Hoffman, the all-time saves leader, has blown two save situations already for the Brewers (4-4) this season.
For Hoffman, the Brewers announced this spring that Miller Park would feature a saves countdown in left field on the scoreboard. Fans can see a large banner of Hoffman, followed by a tracking of Hoffman's historic milestone save by save.
Hoffman originally approved of the addition to the ballpark, thinking it would be a fitting countdown and addition to the already great fan atmosphere at Miller Park. However, he has been having second thoughts about the banner and countdown.
"I don't want to add any extra enthusiasm for the other side of the field," Hoffman said prior to the series finale against Colorado. "It's not a situation where anybody is trying to put it in anybody's face. But I guarantee you they're saying, 'Hey, let's not let him click over a number on us.'"
While Hoffman might be worried the opponents are getting extra motivation from the banner in left-center, he should be more concerned about his performance as of late.
Hoffman didn't blow his second save until mid June for the Brewers last season, one of his most consistent seasons as a major leaguer. He's given up three home runs this short season, more than the two he allowed during his 37-save campaign in 2009.
Is the pressure of the looming No. 600 getting to Hoffman? His location has been spotty this season, and for the Brewers to get Hoffman his 600th save, he'll need to step up the consistency with his fastball and locate his change-ups better.
Hoffman may be the all-time saves leader in MLB history, but for now, he's taking it one game at a time.
"In this role you can't look one save in front of you,'' Hoffman said. "They are not that easy to get. Nine saves away doesn't seem that large of a number, but it depends on so many things that you can't get caught overlooking today and preparing for tomorrow. There are no certainties.''
No certainties indeed, Mr. Hoffman—no certainties indeed.

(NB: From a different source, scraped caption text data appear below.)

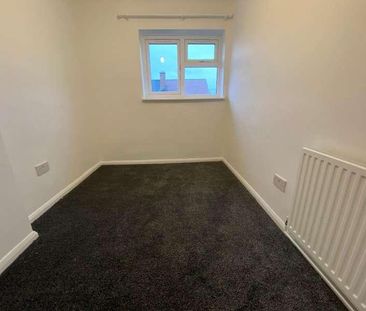 Ruskin Gardens, Harold Hill, Romford, RM3 - Photo 5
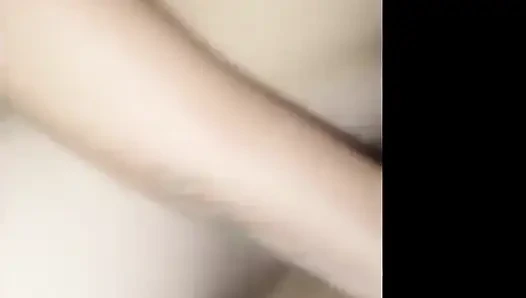 İtaatkar kalın götlü kız arkadaş sevgililer gününde sert anal sikişiyor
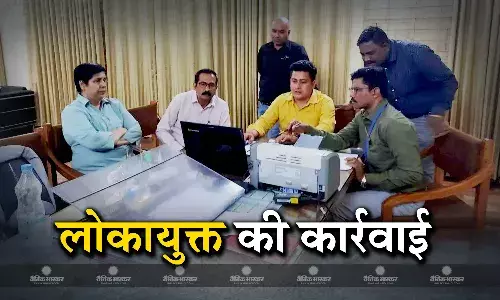 राजा शंकर शाह यूनिवर्सिटी के कुल सचिव 25 हजार की रिश्वत लेते पकड़ाए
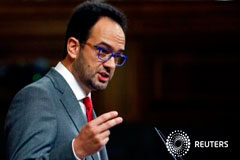 El PSOE muestra su rechazo a Rajoy antes de darle el poder El portavoz parlamentario del PSOE Antonio Hernando durante su discurso en el debate de investidura en el Congreso en Madrid, España, el 27 de octubre de 2016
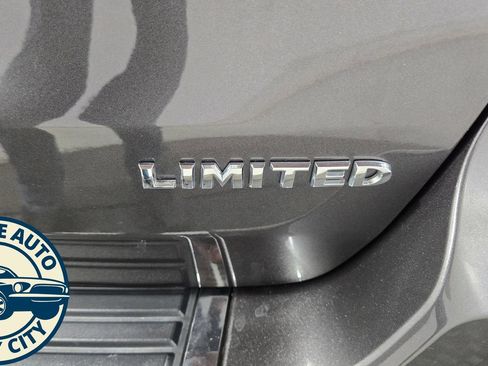 Used 2019 Jeep Grand Cherokee Limited AWD/4WD image 34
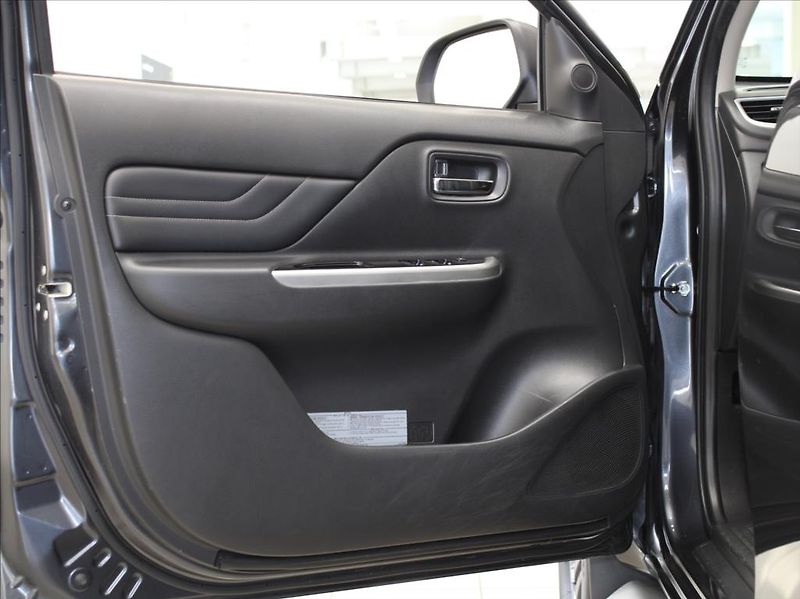 Mitsubishi L200 2,3 DI-D 127kW AT Instyle DPH - fotka 12 z 24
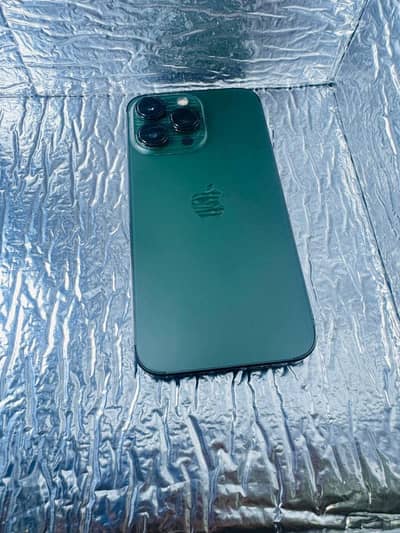 iPhone 13 pro .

Save No. 600 may be the elephant in the clubhouse for Hoffman, and as much as he'd like to say it doesn't have an effect on him, it simply has to. Barry Bonds, the career leader in home runs, said his charge to the top to pass Hank Aaron with No. 756 took longevity and skill. A little more than that, Barry, but for the sake of brevity, let's move on.
Is Hoffman really struggling because of a banner and countdown in left-center? Doubtful. Is Father Time catching up to him? More likely.
While a lot is made about a player's drop-off at age X, Hoffman and Bonds and numerous other greats have found a way to hold back the wrinkles of time and keep their skills on the diamond sharp. At this point, it's yet to be determined if Hoffman will return to Milwaukee for a third season as the Brewers' closer.
Hoffman's career crowning achievement will be No. 600, and subsequently each one after will further his mark in the MLB record books. It would be different if he were to pass someone's record, but reaching a milestone that a player may never reach again is quite the accomplishment in and of itself.